RakNet is a networking library used by Minecraft Bedrock Edition. You might want to also look at the documentation for the Bedrock Protocol. This is based on the old Pocket Edition Protocol Documentation and may be incomplete or outdated. The source code for the RakNet Library can be found here. RakNet uses UDP as its networking protocol. The key differences from TCP are that not all packets are guaranteed to reach the destination at all or in order (it isn't reliable) and it uses messages with a specified length instead of streams of data. RakNet compensates for the out-of-order delivery and makes it reliable.


NOTE: You may want to use an existing library if one exists for your language of choice. Here is an incomplete list. Not all of these are maintained or complete. If these are outdated you may need to change the protocol version to 11 before it can work.

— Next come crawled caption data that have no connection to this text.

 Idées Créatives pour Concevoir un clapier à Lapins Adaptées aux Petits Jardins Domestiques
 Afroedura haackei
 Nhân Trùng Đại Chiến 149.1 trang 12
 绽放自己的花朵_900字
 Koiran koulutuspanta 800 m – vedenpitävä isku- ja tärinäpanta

The protocol doesn't seem to have had any significant changes since the official implementation was discontinued in 2014, so as long as you bump the protocol version older libraries are likely to still work.

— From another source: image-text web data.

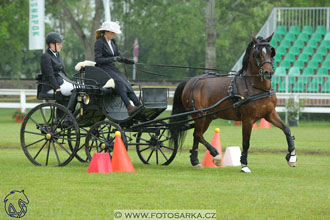 Fábiánsebastyén (HUN)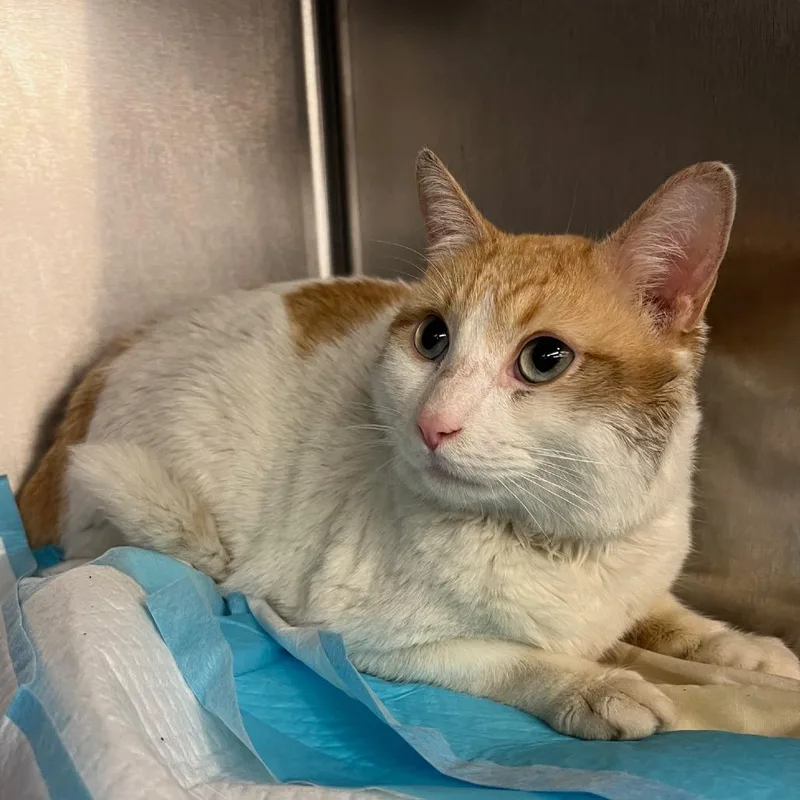 Dj Mittens thumbnail 6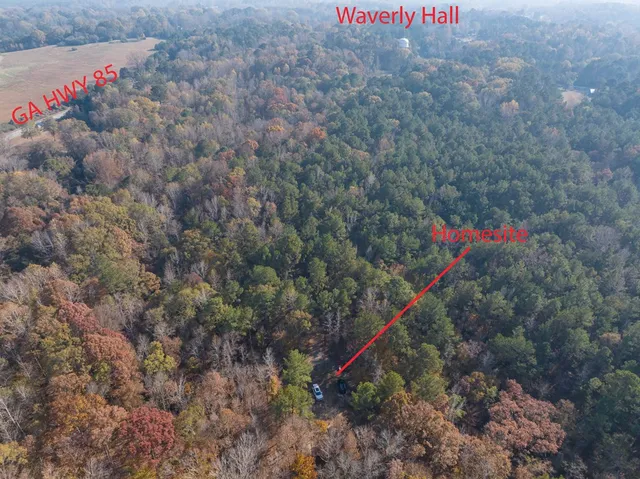 a view of a dry yard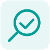Green inspection icon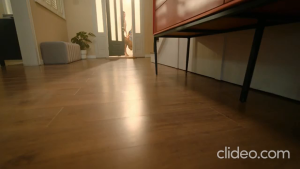 tp-link Tapo RV30 Max Plus Robot Vacuum with Auto-Empty Dock หุ่นยนต์ดูดฝุ่น by memory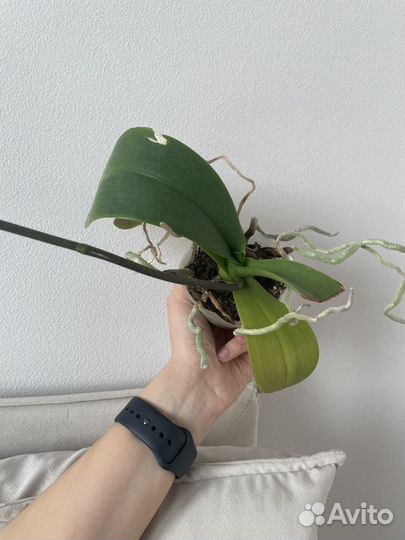 Орхидея фаленопсис Champion Lightning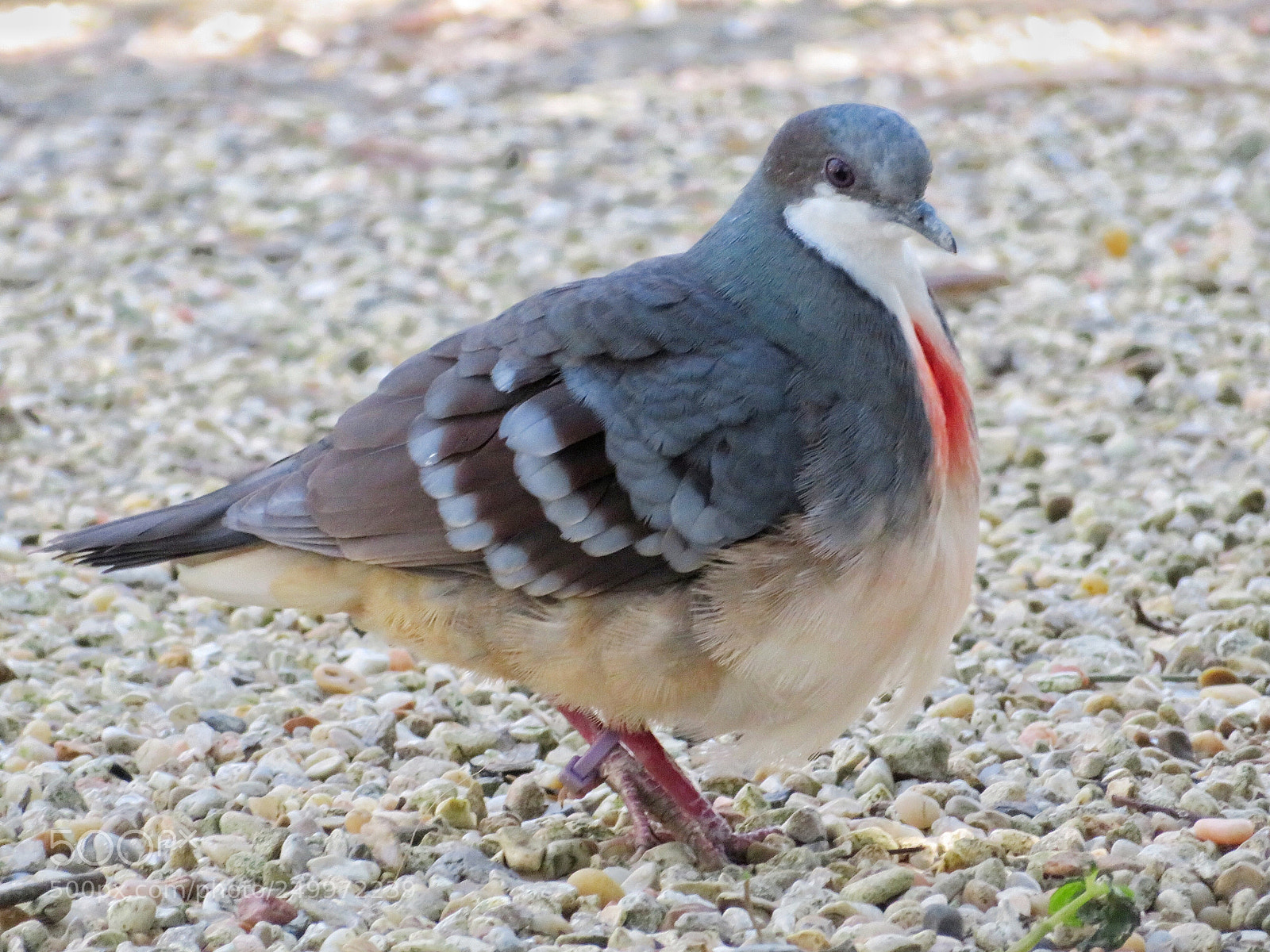 Canon PowerShot SX720 HS sample photo. Bleeding heart dove photography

Name Description Language License Active development
go-raknet Network System used for Dragonfly written in Go Golang GPL-3 Yes
RakNet RakNet implementation written in Rust Rust GPL-3 Yes
PieRakNet Network System used for PieMC written in Python Python GPL-3 Yes
NukkitX Network Network components used within NukkitX, but with great support for general use as well Java Apache License Yes
rak-net rak-net is the first updated and fully working RakNet implementation written in Python to run a Minecraft Bedrock Edition server. This library was mainly created for Podrum, although it can be used in other projects too and can be installed via pip. Python MIT Yes
JRakNet JRakNet is a networking library for Java which implements the UDP based protocol RakNet Java MIT Yes
netty-raknet High performance implementation of RakNet for netty, following strict netty patterns. Java MIT Yes
JSRakNet JSRakNet is the first up to date and fully working raknet implementation written in Javascript to run a Minecraft PE server, designed mainly for JSPrismarine, but the implementation offers a general use Javascript MIT Yes
JRakLibPlus A library for easy creation of RakNet servers, based on RakLib and JRakLib. Java LGPL No
RakLib RakNet server implementation written in PHP. This library is very lightweight on actual implementation - it provides the bare minimum to get a Minecraft Pocket Edition server functional. It only currently provides server functionality, and does not support most RakNet features. PHP GPL Yes
RakNet Palethia RakNet is a PHP implementation of the RakNet networking library, providing both server and client functionality for fast, reliable communication. it enables easy setup of server-client interactions using RakNet’s efficient networking protocols. PHP GPL-3.0 Yes
raknet UDP network library that follows the RakNet protocol for Node.js Javascript MIT No
PyRakLib PyRakLib is a networking library that follows the RakNet protocol for MCPE. It is ported from the PHP library RakLib. Python GPL No
rust-raknet RakNet Protocol implementation by Rust. Rust MIT Yes
RakNet Simplified RakNet Implementation in C# for game networking C# MIT Yes
Raknet (official) The official implementation. Outdated and mostly for reference purposes. May not work with the latest Bedrock. C++ BSD No

Data types

Size (Bytes) Range Notes
byte 1 0 to 255
Long 8 -2^63 to 2^63-1 Signed 64-bit Integer
Magic 16 00ffff00fefefefefdfdfdfd12345678 Always those hex bytes, corresponding to RakNet's default OFFLINE_MESSAGE_DATA_ID
short 2 -32768 to 32767
unsigned short 2 0 to 65535
string unsigned short + string N/A Prefixed by a short containing the length of the string in characters. It appears that only the following ASCII characters can be displayed: !"#$%&'()*+,-./0123456789:;<=>?@ABCDEFGHIJKLMNOPQRSTUVWXYZ[\]^_`abcdefghijklmnopqrstuvwxyz{|}~
boolean 1 0 to 1 True is encoded as 0x01, false as 0x00.
address 7 or 29 1 byte for the IP version (4 or 6), followed by (for IPv4) 4 bytes for the IP and an unsigned short for the port number or (for IPv6) an unsigned short for the address family, an unsigned short for the port, 4 bytes for the flow info, 16 bytes for address and 4 bytes for scope id
uint24le 3 3-byte little-endian unsigned integer
Int 4 -2147483648 to 2147483647 Signed little-endian 32-bit Integer

Handshake sequence

  1. C→S: Open Connection Request 1
  2. S→C: Open Connection Reply 1
  3. C→S: Open Connection Request 2
  4. S→C: Open Connection Reply 2

From here on, the RakNet connection is established and all RakNet messages are contained in a Frame Set Packet.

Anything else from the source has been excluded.